* _ASSIGNMENT_: An exact copy of the listing below is required, minus its pictures.

* _GIVEN DATA_:
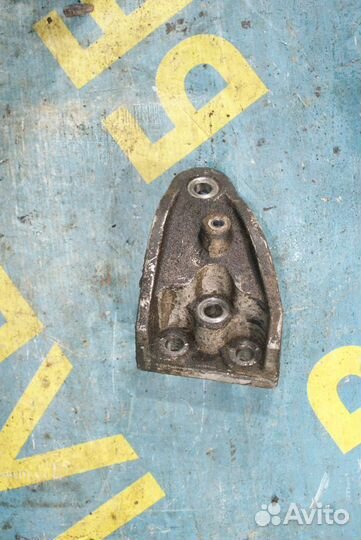 Кронштейн опоры двс кпп Hyundai Santa FE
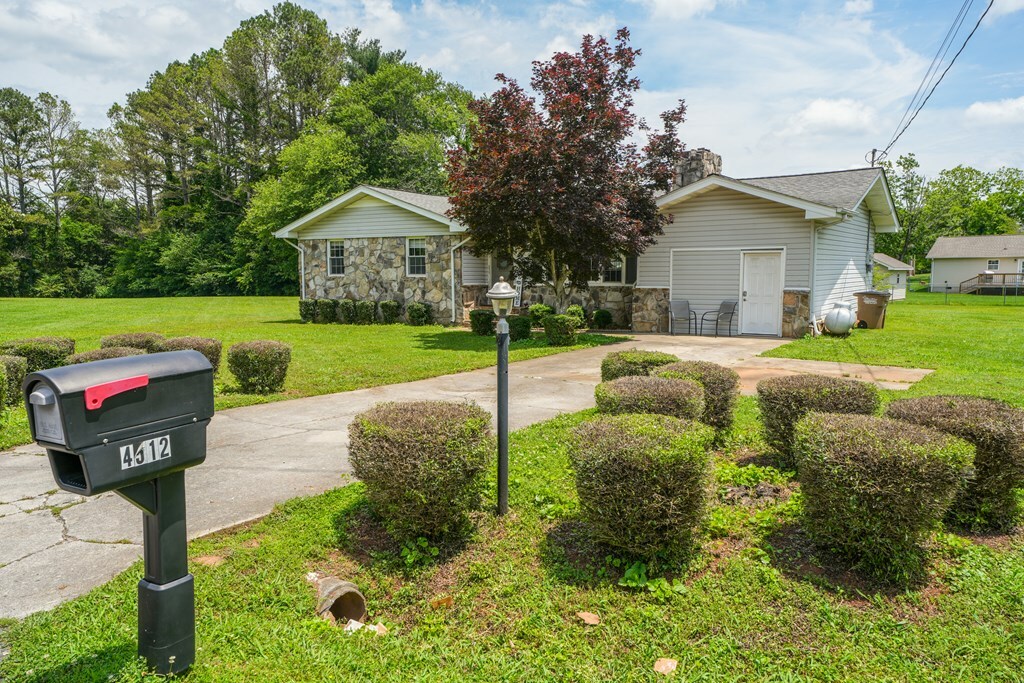 Property Photo:  4512 Rolling Way Drive  GA 30710 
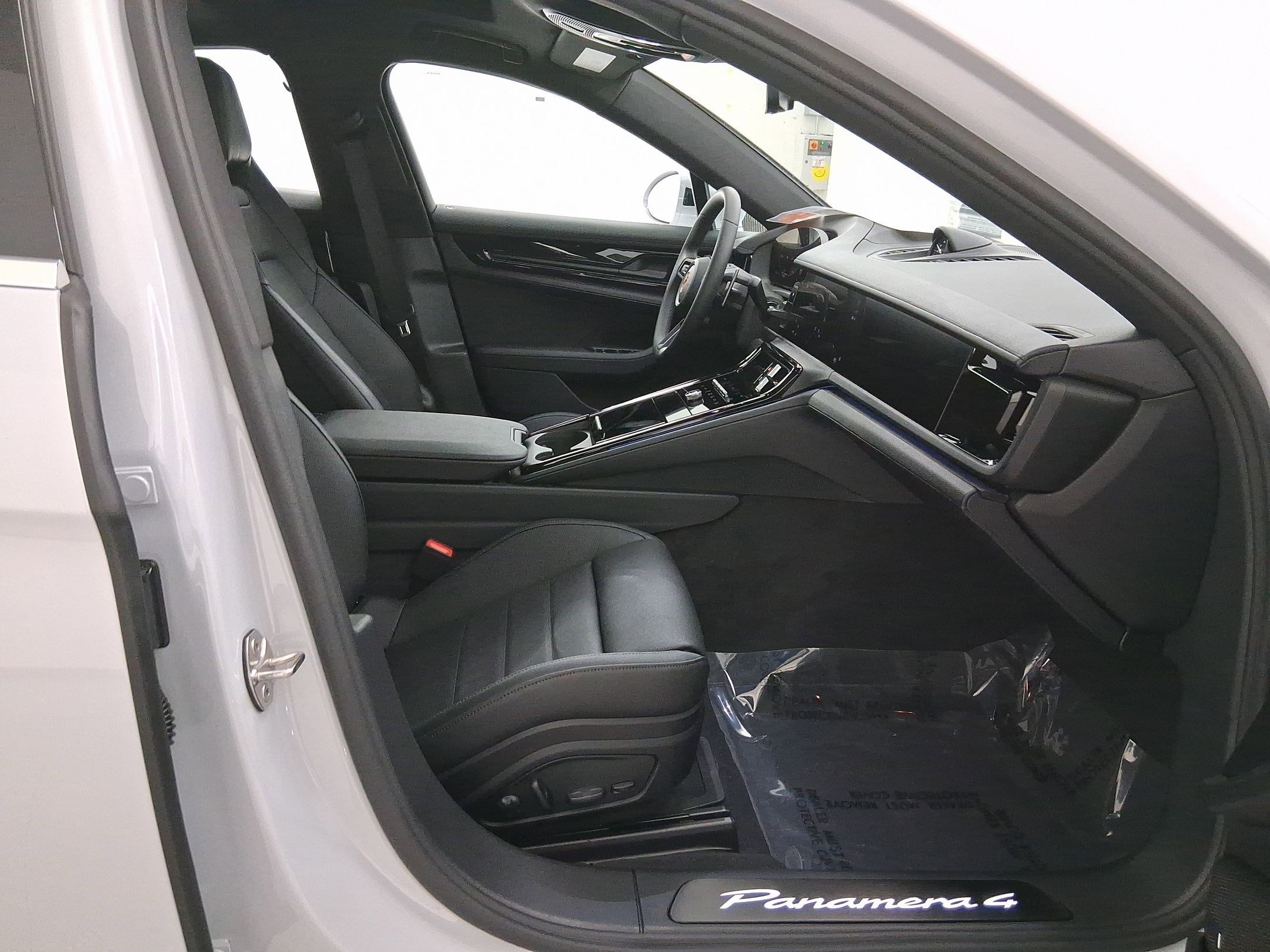 New 2026 Porsche Panamera 4 image 36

* _PROBLEM SOLUTION_:
 Кронштейн опоры двс кпп Hyundai Santa FE
 Property Photo:  4512 Rolling Way Drive  GA 30710 
 New 2026 Porsche Panamera 4 image 36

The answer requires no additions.